Meanwhile, Mordecai uncovered a plot to have the King assassinated and told his charge Queen Esther about it. She in turn, reported the news to the King, and gave the credit to Mordecai.
Later on Haman, an evil man, was given the highest seat of honour by the King, but Mordecai refused to kneel down and pay him honour. This greatly angered Haman, and knowing that Mordecai was a Jew, a member of the race he hated, Haman began to plot a way to destroy all of the Jews throughout Persia. Haman convinced King Xerxes to issue a decree for their destruction.
‘Up until this time, Queen Esther had kept her Jewish heritage a secret from King Xerxes. Now her cousin Mordecai encourages her to go into the king’s presence and beg for mercy on behalf of the Jews.
“For if you keep silent at this time, relief and deliverance will rise for the Jews from another place, but you and your father’s house will perish. And who knows whether you have not come to the kingdom for such a time as this?” ‘
When thinking about Esther, I wonder if she sometimes thought, like we do, I never pictured my life ending up like this. When she was selected to go to the Kings court, and went through the preparation rituals for 12 months, with the chance of not even being chosen to be queen. Then marrying and being made queen, but unable to live with her husband as a normal wife. Esther chose to be obedient to God and her cousin Mordecai. So when trouble came to her people, she could’ve been safe herself, but she chose to lay down her life for she was called to ‘that she was there for such a time as this’.
‘Believing that God had prepared her for this very moment in history—”for such a time as this”—as a vessel of deliverance for her people, Esther urged all of the Jews in the city to fast and pray for her. She was about to risk her life to request an audience with the king.
Although the Jews had been sentenced to death by King Xerxes’ original decree, through Queen Esther’s courageous intervention and willingness to face death, the people’s lives were spared.’
As Senior citizens of this earth, and as members in particular of Christ’s Body, of which He is the Head, I believe we are here for such a time as this.
Considering Esther, how can we be prepared and ready for such a time as this? What did Esther do to be ready?

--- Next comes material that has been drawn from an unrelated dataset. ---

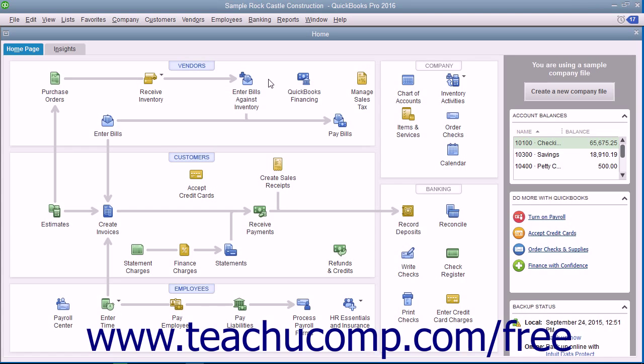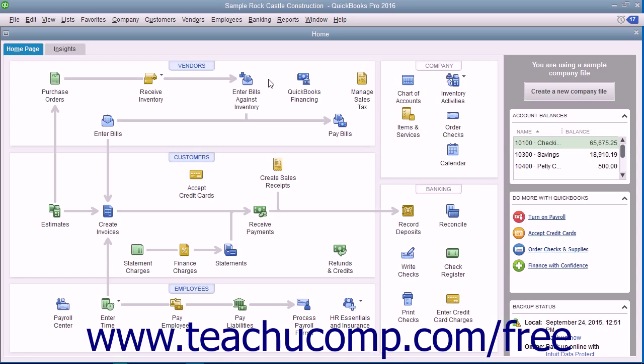You can use either the Sales Tax Liability Report, the Sales Tax Payable Register, or the Pay Sales Tax window to view your sales tax liability amounts. In addition to this basic information, you also have two sales tax reports that you can use to show information about the sales tax owed.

Was she very different from us today? She listened to her Uncle, and obeyed him, he was her messenger from God, and she obeyed his every instruction, even to the degree of hearing from him daily while she was in the king’s palace. Her mind was set on doing what her uncle and thus what God had to say to her. She knew that He knew best.
We, too, need to hear a word for us from a messenger, and daily seek what the Lord is saying to us, and be willing to obey, even though like Esther, we cannot see the way forward clearly.
Before I grew into Seniorhood, I had heard and believed that old people were set in their ways, and would not accept change. Is this true of us? Do we just look longingly back at the ‘good old days’ when children respected their parents, teachers and generally those in authority, when life was simpler, not so much technology? My Mum went to school in a horse and cart, and now she owns a mobile phone, in NZ so a cell phone, not that she uses it much, but she has one. It will be like that for some of us too. God whispered to me recently ‘would you be content if you could do nothing?’ and I had to think about that, I could not say immediately to the Lord, yes or no, because in all honesty, even though I say..not my will, but yours be done Father….this was a hard thing to hear. And inevitably, unless the Lord takes us home sooner rather than later, it is a natural part of the aging process, is it not? But I believe the Lord is saying is, don’t let your identity and what makes you feel good about yourself be in what you can do for the Lord and others, but rather let it be to be found in Him, filling out who He planned for you to be, doing what he planned for you to do…holding all things lightly not tightly, as belonging to Him not me. Esther didn’t try to escape from her suffering, but she did use her initiative to fill out what the Lord required of her.
So, here we are as Seniors ‘for such a time as this’. It is an unsettling time for the world and its inhabitants, change is coming and coming fast. In many parts of Australia and the world, Religious Education or Instruction in the Bible, even public prayer is no longer allowed. And what we know is, that God’s standards are being eroded away at an incredible pace.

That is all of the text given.